Chacun était occupé à ce travail. Toutes les bouches enfantaient le mensonge, et au milieu d’une discussion inextricable, interrompue par des sifflements de reptiles, se consommait le verbe de l’enfer. Chaque parole de fraude, à mesure qu’elle sortait envenimée d’une bouche de démon, évoquait une créature démoniaque qui se levait comme à un appel de l’abîme.

Toutes les petites puissances se disputaient avidement la parole, à chaque moment, sans se souvenir qu’elles avaient pour elles l’éternité ; il leur semblait que si elles perdaient un seul instant l’occasion de faire retentir leur voix stridente, c’était fait pour toujours de l’empire du mal.
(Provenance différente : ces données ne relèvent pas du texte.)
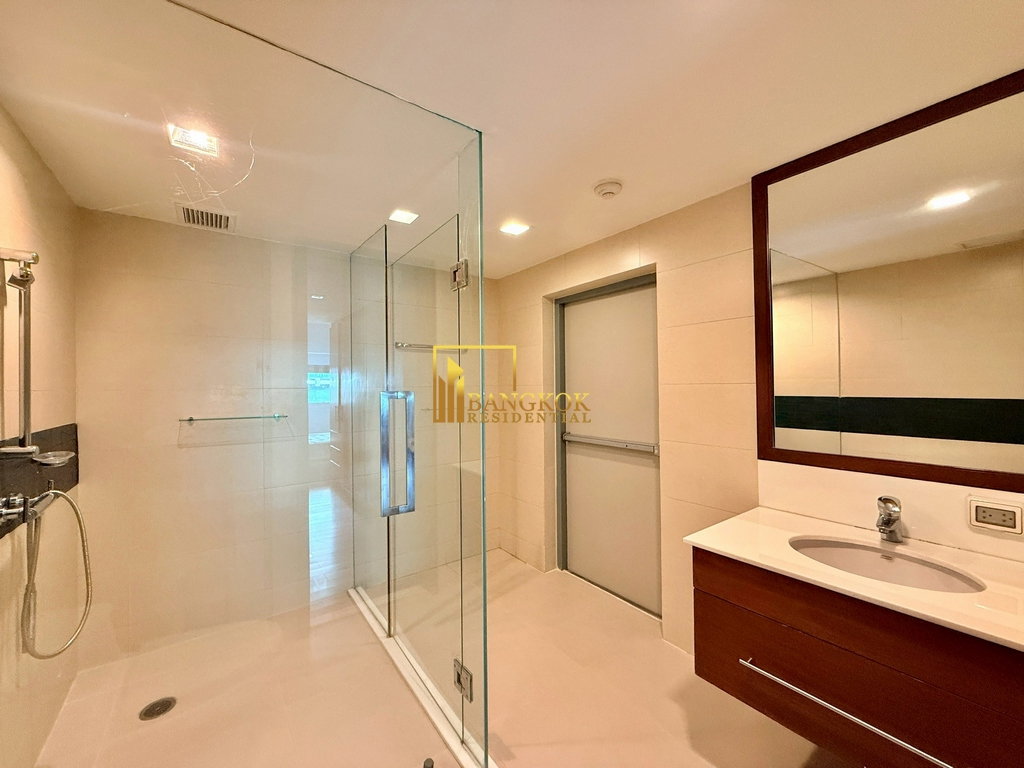 picture Le Raffine 31 | Exceptional 3 Bedroom Luxury Condo With Pool - BR5785CD - 33/59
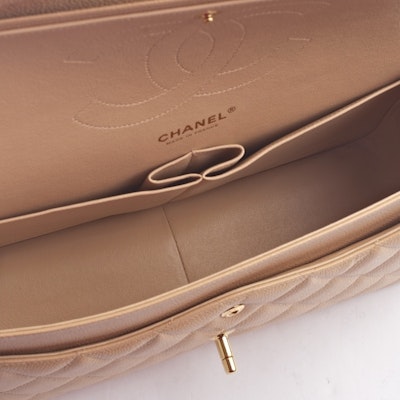 Chanel Classic Double Flap Quilted Caviar Gold-tone Jumbo Beige Lookbook Chanel Classic Double Flap Quilted Caviar Gold-tone Jumbo Beige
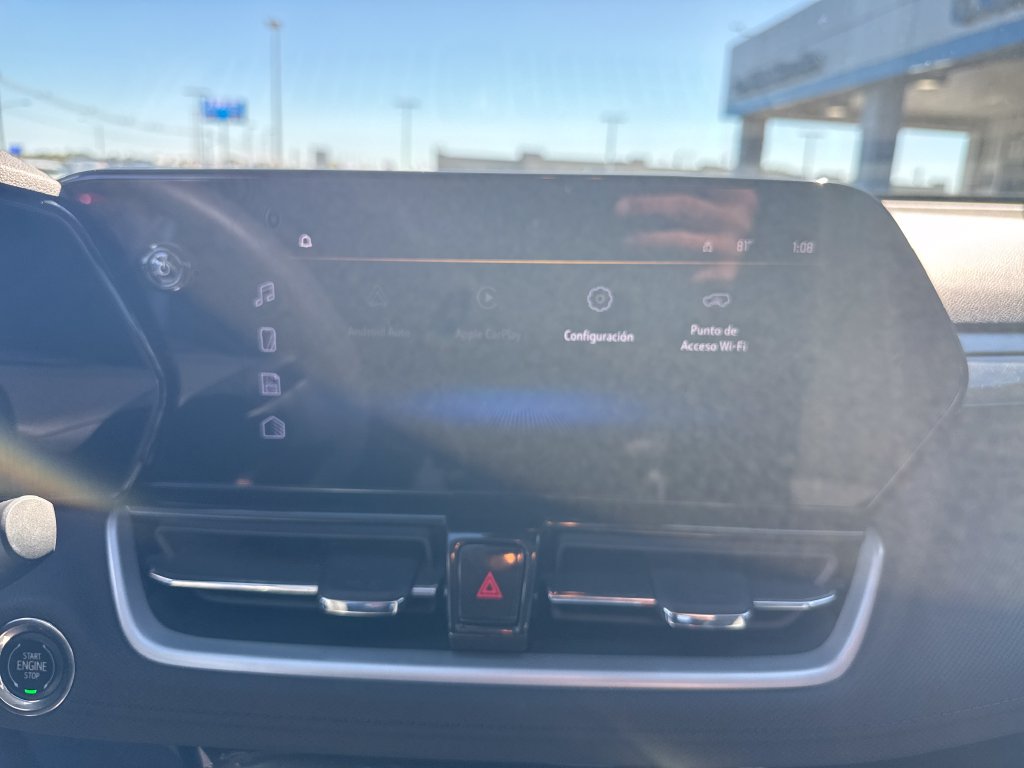Used 2025 Chevrolet TrailBlazer LT AWD/4WD image 21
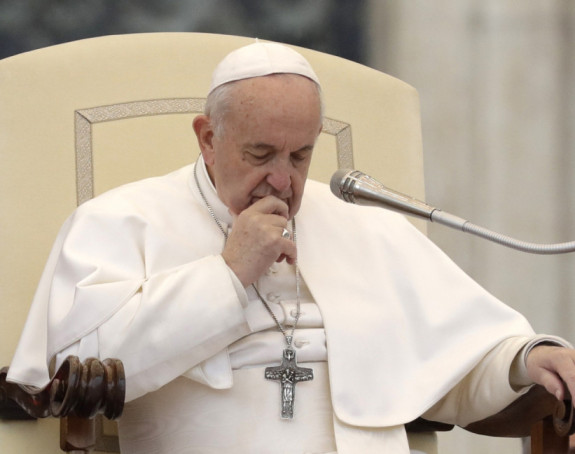 Sveštenici tvrde: Papa je jeretik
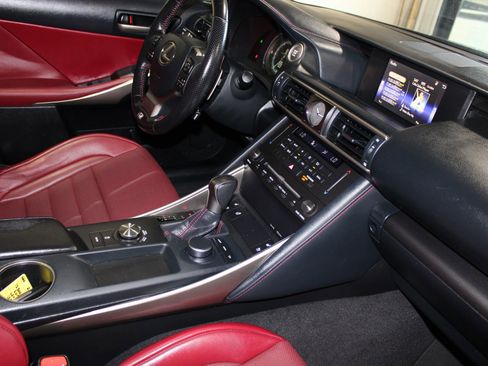 Used 2019 Lexus IS 300 F Sport w/ F Sport Package image 32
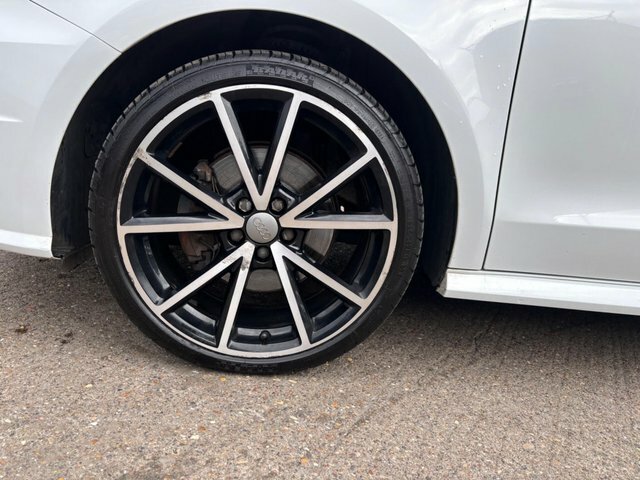 Audi A1 Tfsi Cod Black Edition GL17YWD White #4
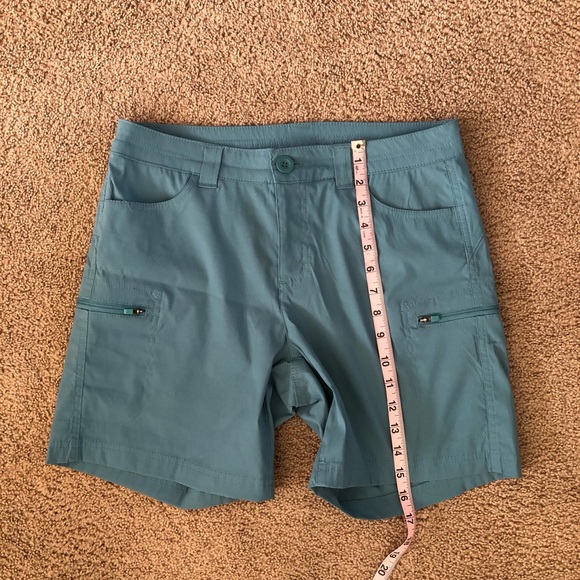 Teal Columbia Cargo Shorts - Picture 9 of 9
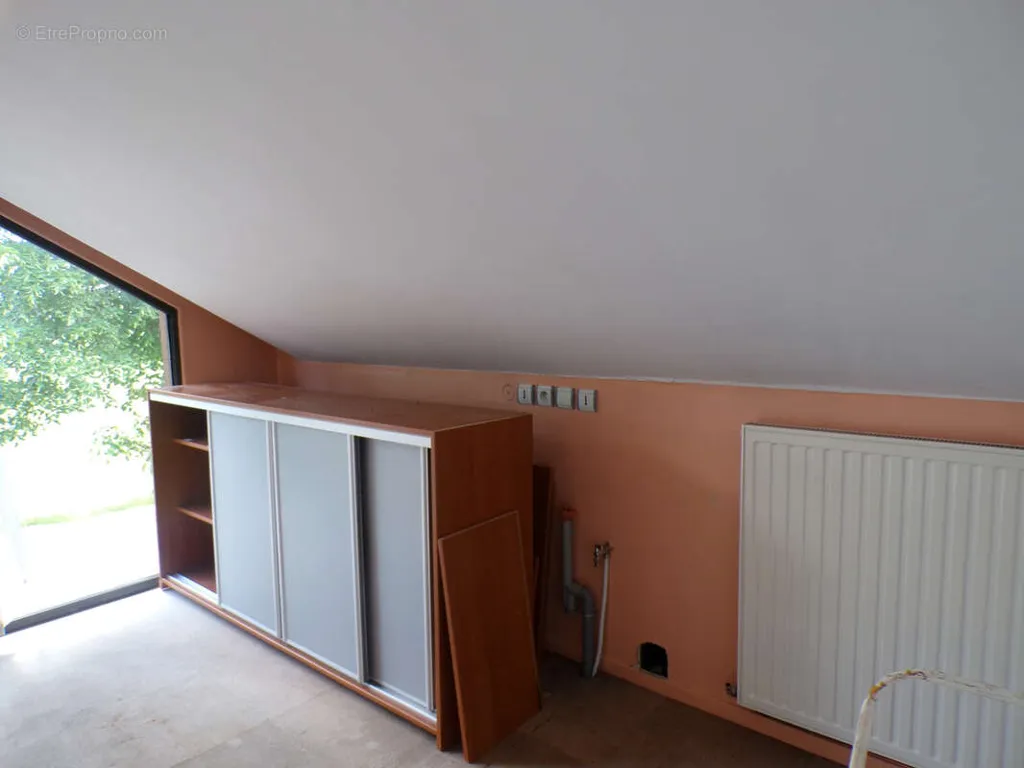 Pièces - Maison Ossature Bois avec Espace Professionnel sur Axe Passant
Dans ce chaos de voix, une seule voix se taisait ; c’était celle du plus puissant ; il était caché là, comme un serpent boa sous des ruches d’abeilles bourdonnantes. Replié sur lui-même, muet, on l’avait presque oublié. Plus d’une langue glapissante, s’étourdissant elle-même, commençait à mépriser ce roi taciturne, quand, d’un bond prodigieux, il s’élance de son repaire ; enroulant de ses replis les vastes confins de l’abîme, il dresse une de ses têtes au-dessus de chaque groupe. Le silence se fait soudain, et voici ce qu’il dit :

« Vos discussions me charment, parce qu’elles n’aboutissent à rien. Vous êtes les vrais rois du sophisme. J’entends avec délices vos discours qui tarissent la pensée dans les âmes.